It’s hard to remember what life was life before the Internet. I think I had my first dial-up account in 1994 or so. 13 years later, the Internet has become ubiquitous in my life - I develop web sites for a living, and have a blackberry, cell phone and iPod Touch all capable of surfing the web. I have 8 Internet-enabled devices in my house in fact.
Investing is one of my passions, but back in 1999 - 2001, I spent a larger part of my time reading investing books, visiting financial web sites, tracking my stocks, starting my own financial web sites, etc. And it’s not that my interest has gone away, but I no longer think about it as much.
One of the web sites I used to frequently visit was called The Motley Fool. Motley must be a hard word for most people to spell, because these days it just calls itself The Fool. The original idea behind The Fool was that people should take their financial education into their own hands, and that ordinary people CAN beat the so-called expert money managers at stock picking. Most people can invest their money on their own, and get a return better than the average equity mutual fund.
The Fool was irreverent. It was anti-establishment. It branded itself as being about the community helping each other at financial education. I loved the Fool’s philosophy, I bought the books. I visited the site daily. I participated in the discussion boards. They had me at hello.
So how could The Fool screw this up? How can they get someone who visited the site daily to stop coming?
To sum up, the site became about making money for its owners and less about people helping each other.
Making money is not a bad thing. I love making money. And I would never demand someone give me something I value for free. But there are ways to do that without upsetting the applecart.
One of the first actions they did was they started charging a membership fee for their existing (formerly free) message boards. Now as I recall they very quickly felt the backlash from the community, because a few days later they started giving out free memberships to the top contributors. It’s not a bad strategy on paper - you have a community of 10,000 people and you want to start charging them $15 a year to be a member. But then you realize the number of people signing up is far lower than expected and the message boards are dying from lack of content, so you find the people who add the most value (the top posters) and give them free access.
Well, so you give out 100 free memberships (or 200) and the other 9,800 people are still upset and forced to pay just to read their formerly favourite message board hangout. I assume a number of people do pay, because this subsciption model stuck for 6 years or so.
Then what do you do? You email your members about the products you have for sale. Every few days you send out a reminder that such-and-such stock newsletter is available for monthly subscription. OK, how do I turn off these offers? I go to the web site and can’t find anything to make them stop. I go so far as emailing support, asking for the spam to stop.
And support says, “As a condition of being a member of Fool.com, you agree to receive emails from us. There is no way to unsubscribe.” Yes, they DID say that.
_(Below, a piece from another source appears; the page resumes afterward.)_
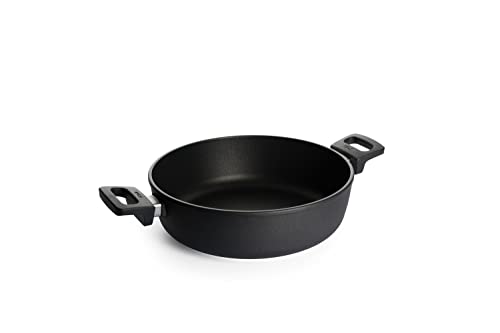 Woll Titanio Nowo-Cacerola de Hierro Fundido (inducción, 28 cm de diámetro, 8 cm de Alto, 4,5 L, con 2 Asas Laterales, Tipo de Fuegos, Apta para Horno, Color Negro), Aluminio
The final thing you can do to alienate your customers? Deviate from your own philosophy. Suddenly they’re selling daily/weekly/monthly stock–picking newsletters of all sorts. Wait, I thought the Fool was anti-establishment. Ads for brokerages (Ameritrade, ETrade, whatever) start appearing on every page. The design of the overall site starts to look ugly because of all the ads. They start mixing in ads with their free content- talking about a stock in one sentence, and then hawking their stock newsletters the very next line. Suddenly the Fool was just like the establishment. The need for money drove them back into the arms of the very people they were at one time against.
OK then, I can’t see much of the good content (message boards, newsletters, and all the nasty ads), and you’re going to email me regularly whether I like it or not? Well it was at that moment I decided to cancel my account for good.
First moral of the story for marketers and web businesses: get money from your customers by ADDING VALUE, not by charging for things you used to give away for free. Charging for a formerly free service is essentially “bait and switch”.
Second moral of the story for marketers and web businesses: don’t give your customer no choice but to leave your service. Marketing (essentially up-sell) to existing customers should be unobtrusive. If you actually start hammering your customer over the head with your marketing message, you really do risk losing them for good.
Imagine if Blockbuster started calling me after I rented a movie to ask how I liked it? And then to recommend similar movies to me? It would be annoying. And imagine if there was no way to get Blockbuster to stop doing that? I would stop renting movies from there.
As a general rule, harassing customers is bad.